Critics warn that the JWG could erode Nigeria’s sovereignty—making its security agencies dependent on Washington’s direction. They fear a scenario in which Nigeria’s top security officials spend more time shuttling between Abuja and Washington than addressing insecurity at home. Others worry about intelligence-sharing arrangements that, if poorly managed, could expose sensitive national information or open the door to foreign influence in domestic affairs.
These concerns must not be dismissed. They reflect legitimate anxieties about the balance between national independence and international cooperation. Yet, the harsh truth remains: Nigeria has been unable to contain terrorism on its own. Weak institutions, fragmented intelligence, and chronic underfunding have left the country vulnerable. In the absence of a coherent homegrown solution, refusing external help is not an act of sovereignty—it is a gamble with citizens’ lives.
A transparent, effective partnership with the United States offers Nigeria more than military muscle.

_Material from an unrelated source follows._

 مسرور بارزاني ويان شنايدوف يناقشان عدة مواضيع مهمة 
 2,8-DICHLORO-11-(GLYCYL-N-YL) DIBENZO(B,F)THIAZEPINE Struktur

It provides a chance to rebuild its global reputation, often tarnished by accusations of human rights violations and religiously motivated violence. If Nigeria demonstrates real progress—better civilian protection, fewer mass killings, improved intelligence coordination—it will regain credibility and attract long-needed foreign investment.
A secure Nigeria is beneficial for West Africa, conducive to global stability, and undoubtedly beneficial for the United States. Washington understands this. Nigeria is a pivotal state at the heart of an arc of instability that stretches from the Sahel to the Gulf of Guinea. As terrorist networks grow more sophisticated—tapping into global financing, arms trafficking, and digital propaganda—neither country can afford to fight alone.
The U.S.–Nigeria Joint Working Group is not a charity. It is a strategic alignment born of necessity. Nigeria needs stronger intelligence, better equipment, and more coordinated support. The United States needs a stable partner in a region that is increasingly being courted by Russia and China. Both countries stand to gain—and both stand to lose if the partnership falters.
The alliance must be guided by transparency, mutual respect, and accountability. Nigeria must reform its security institutions, confront internal sabotage, and protect civilians with renewed seriousness. The United States should support without dominating, advise without dictating, and partner without undermining Nigeria’s autonomy.
If both countries rise to the moment, the JWG could become one of the most consequential security partnerships of the decade. If they fail, it will be recorded as yet another missed opportunity in a war that Nigeria cannot afford to lose.
It is reassuring that the federal government has, following the Sokoto strikes, reaffirmed its commitment to national security, saying it remains resolute in confronting, degrading, and eliminating terrorist threats, particularly those posed by transnational extremist networks seeking to undermine Nigeria’s sovereignty.
The government further assured Nigerians that it remains firmly in control of the country’s security architecture and is fully committed to protecting lives and property. It urged citizens to remain calm and vigilant as operations against terrorist groups continue.
It is time for the government to walk its talk. The progress made in Sokoto State should not only be consolidated, but it should also be extended to other crannies of the country where terrorists hold sway. The Tinubu government should take the Sokoto airstrikes as the beginning of an imminent end to terrorism, banditry, kidnapping and other criminal onslaughts on innocent Nigerians, no matter the motive behind those dastardly attacks.